Critics deride this orientation as the priest turning his back to the people. Dare we suggest that some priests and bishops have already done this by abusing the trust of the faithful? With every sin we turn our backs on God and turn in on ourselves. The episcopal cover up of abuse has provided the world a nefarious example of the insularity of sin. At least in terms of orientation, when the priest offers Mass facing the people, a self-enclosed circle—to use Cardinal Joseph Ratzinger’s description—is created, giving the impression of an insular congregation content with its own self rather than being open to the coming of the transcendent Lord.

Mass offered with the priest facing the people, versus populum, contributes to another problem, one that Francis has spent his entire pontificate denouncing—clericalism. In the words of Cardinal Ratzinger, by turning the priest toward the people, “an unprecedented clericalization came on the scene. Now the priest—the ‘presider,’ as they now prefer to call him—becomes the real point of reference for the whole liturgy. Everything depends on him… Less and less is God in the picture.”

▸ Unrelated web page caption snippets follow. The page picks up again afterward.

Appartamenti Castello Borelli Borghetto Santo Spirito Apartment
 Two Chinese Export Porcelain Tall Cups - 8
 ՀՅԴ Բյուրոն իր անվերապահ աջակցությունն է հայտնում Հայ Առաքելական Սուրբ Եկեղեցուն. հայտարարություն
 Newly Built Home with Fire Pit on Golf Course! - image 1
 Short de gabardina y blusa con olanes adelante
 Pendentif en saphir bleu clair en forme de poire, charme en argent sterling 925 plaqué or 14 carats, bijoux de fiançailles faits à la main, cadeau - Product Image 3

When the entire congregation can do nothing but stare at the priest’s face, when the priest’s demeanor and personality have such an impact on the feel of the Mass, and when the action of Christ’s sacrifice is obscured behind the notion of a priest presiding at a communal meal, we have the type of clericalism that Francis despises and has denounced repeatedly: “Clericalism forgets that the visibility and sacramentality of the Church belong to all the People of God, not only to the few chosen and enlightened.”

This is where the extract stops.